Index

In 1997, while browsing stacks at a Chicago bookstore, I came across a collection of essays called The Future of the Book. I remember the book’s place on the pine shelf, its purple spine. Inside, each author explored the future of reading, the book as a medium that can shift and change over time. I couldn’t wait to share these insights with other writers, but my bubble burst quickly, as I encountered a stance that was popular both in the ‘90s and today: books are dying, so they have no future. People don’t read as much as they used to, probably because of the internet or TV, videogames or cell phones, the modern world at large. There’s evidence to back this up, most notably in the 2004 study by the National Endowment for the Arts, which found that Americans really don’t read as much as we used to. I can imagine how a world without books could be on its way, as visions of Fahrenheit 451 dance, fire-lit in my mind. Still, I have a hard time imagining any kind of life without reading.

I grew up in a family of readers, so some of my earliest memories include visions of people reading. My big sister read with pursed lips, her arms and legs folded into triangles. Mom read in a chair at the far end of the living room, her head tilted at an angle to overtake the book. Dad held his books higher than his eyes. Sometimes, he touched the sides of the pages, as if petting the book like a cat. Before I learned to read, I wondered over books. What was it about those pages? What was in there that took these people over so fully? I needed to know.

When I learned to read, we became a full family of readers. When we traveled, we lined our suitcases with books, carefully considering which to bring, which back-up books to pack in case we finished reading early, which back-up books to bring in case we finished our back-up books. We read together in the car on the long, un-airconditioned rides, and when we stopped to pitch the tent for the night, each of us pulled out a book and a flashlight. At home, I read over the long summers, tucked inside the humidity of the house. I read over the winters, sitting in front of the heating vent. I read outside in the Wisconsin woods, inside the grocery store or the dentist’s office. I read while I walked home from school. I read during recess. I read during class, when I was supposed to be doing other things—and, like many readers, over time I have known books that have shaken my bones, ruffled my feathers, and pulled me out of the underworld. Reading has changed me. It has mattered to me.

With the popularity of ebooks, some predict that all this—all that readers love—may soon die, as we move toward iPads, iPhones, Kindles, and Nooks. Books that come on a screen can never be the same, booklovers say. You don’t get the smell of the paper.
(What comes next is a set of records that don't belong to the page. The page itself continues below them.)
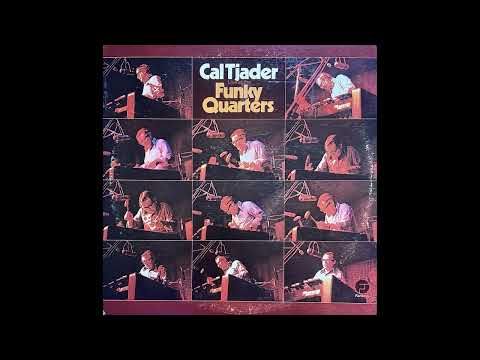 Cal Tjader - Live At The Funky Quarters (US, 1972) [Full LP] {Afro-Cuban Latin Jazz} ★★MASTERPIECE★★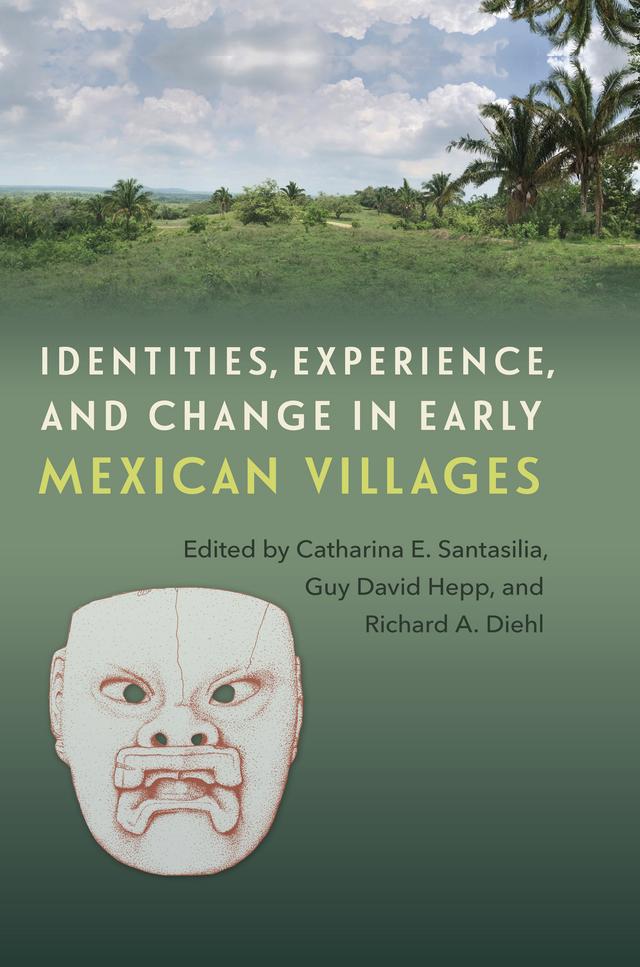Identities, Experience, and Change in Early Mexican Villages by Catharina E. Santasilia, Guy David Hepp, Richard A. Diehl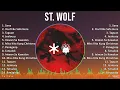 St. Wolf 2024 MIX Playlist - Sana, You'll Be Safe Here, Taguan, Jealousy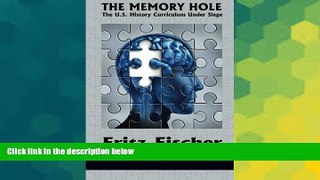 Big Deals  The Memory Hole: The U.S. History Curriculum Under Siege  Best Seller Books Most Wanted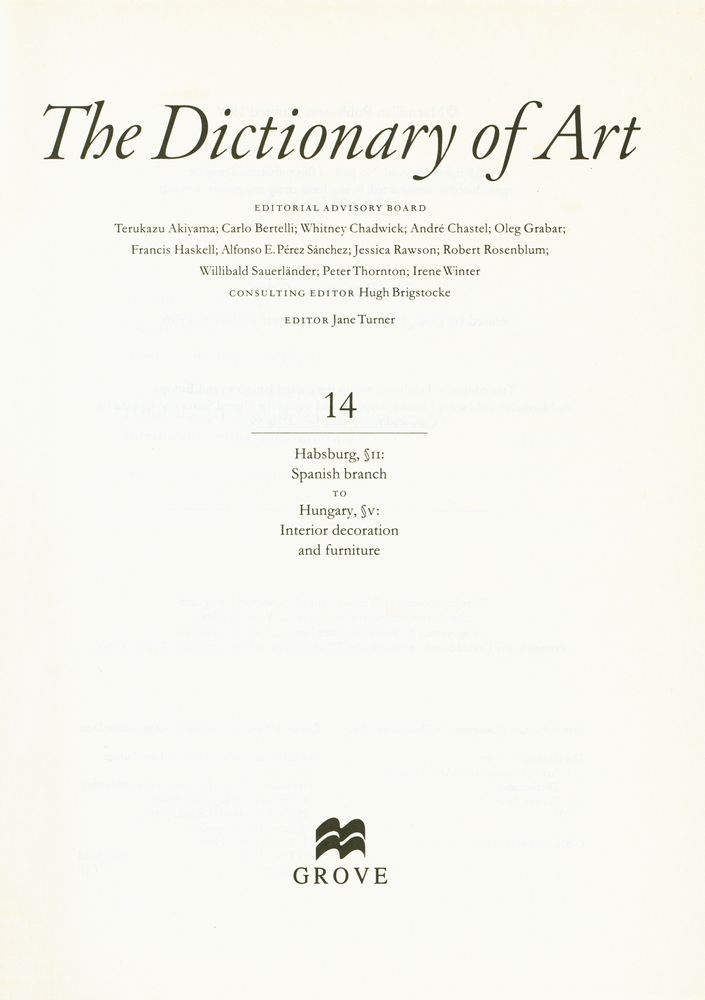 『The Dictionary of ART 14 - Habsburg, ∫Ⅱ : Spanish branch to Hungary, ∫Ⅴ : Interior decoration and furniture』 2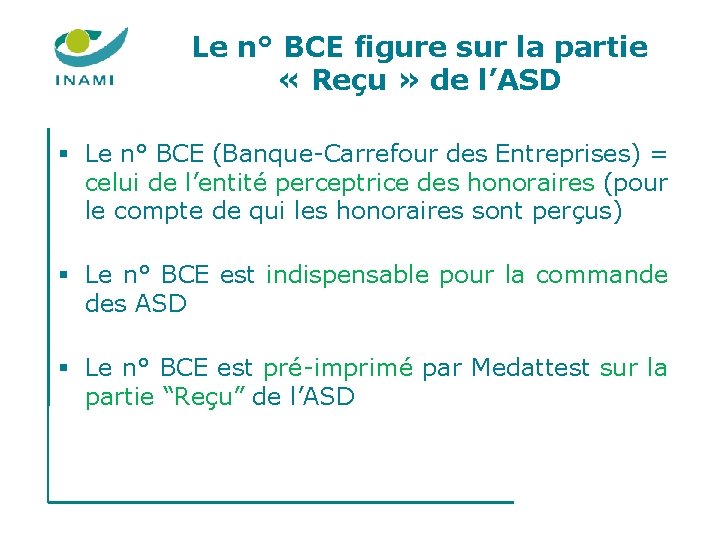 Le n° BCE figure sur la partie « Reçu » de l’ASD § Le Le n° BCE figure sur la partie « Reçu » de l’ASD § Le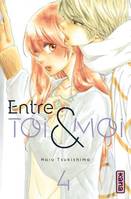 Entre toi & moi, 4, Entre toi et moi - Tome 4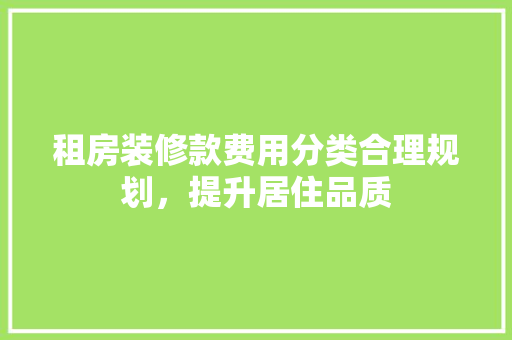 租房装修款费用分类合理规划，提升居住品质
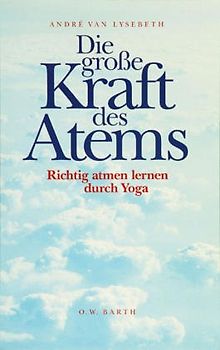 Die grosse Kraft des Atems. Pranayama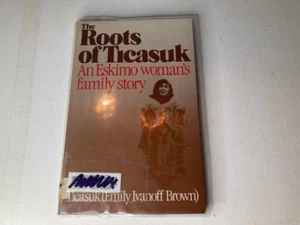 The Roots of Ticasuk Eskimo woman’s family story Emily Ivanoff Brown 1981 exlib - Picture 1 of 2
You don’t get the feel of the pages. You don’t get to read it in the bath tub. I understand these feelings—the objective correlative of it all, the Proustian experience of a book that reminds you of other worlds, other times, other ideas.

I remember weeping through the end of A Hundred Years of Solitude while sitting on the bathroom floor at 3am. Annie Dillard’s For the Time Being brings me to the Lincoln Tunnel and a peculiar man on the bus who thought I was his dead wife. Dostoevsky? He’s in the now destroyed Mosinee Pool, where I spent summers with bleached-out bare feet and the smell of sunscreen. Books matter. The object of the book, the smell of the pages, the way the book’s cover is bent in a particular way—these things carry memories. Still, what about the copy of The Idiot, left outside in the backyard before a thunderstorm and later retrieved, bloated and wiggly from the rain? What about Fingerpainting on the Moon, which I lent out (who knows when) and never got back? What about the books I owned when I lived in that mold-infested apartment? These books, even though long gone, still impact me.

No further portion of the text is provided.